Issue #24

Group Media Experiences

Immersive media, from VR to 360-video, is no longer a solitary experience.

There is an energy that groups bring to an experience. Half the thrill of a roller coaster ride are the communal screams and post-ride chatter with other participants. In the years since VR went mainstream in events, marketers have evolved their strategies from seated activations to walkable VR viewing to interactive VR with motion-sensing tools. But thanks to high-tech media “sets,” attendees no longer have to experience the thrills of immersive content alone. The group viewing experience has arrived in the space.

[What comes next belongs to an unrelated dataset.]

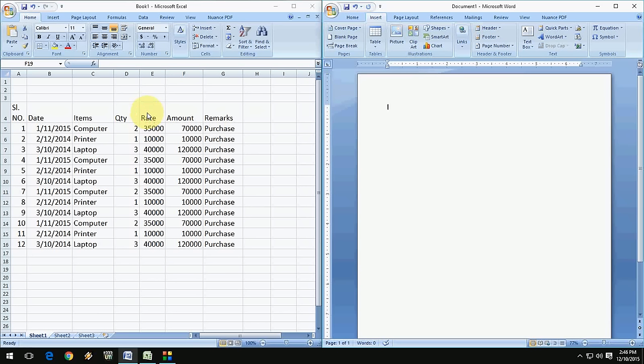Hey guys, welcome back again. This is MJ. Today I will show you some typical options of copy-paste in Microsoft Excel to Microsoft Word.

Take HP, which at Panorama Festival in New York City and Coachella activated domed theaters equipped with a 4K, 360-degree screen, air conditioning and comfy seating. Four hundred festivalgoers at a time kicked back to watch a NASA and HP Zbook-inspired content experience surrounding the international space station. At Coachella, festivalgoers went on a trip through the desert, through the human body and through geometric landscapes. There are several dome and content “portal” providers in the market, including Igloo and VR-MAX.

At the Rio Olympic Games, Samsung turned a goggled VR experience into an exciting group spectacle that involved 4D seats, on which attendees experienced major Olympic sports—seats that moved with the motions of the content. Samsung followed up at CES with VR group rides in seating that moved, spun and rose according to the content, which included a ride down a frozen skeleton racing track, a boat adventure and aircraft stunts.

On top of theaters, rides and domes, sets like vehicles are providing a landscape for multimedia content. Lockheed Martin’s Mars Experience inspired students to think about Mars and the future of space travel while riding on a school bus. For the event, students boarded a special bus for what they were told was a “field trip” and then took a moving “virtual drive” along replica Martian landscapes that appeared outside the windows of the bus.

Consider the solitary VR “chair” out and the frictionless and shared multimedia “escape” in.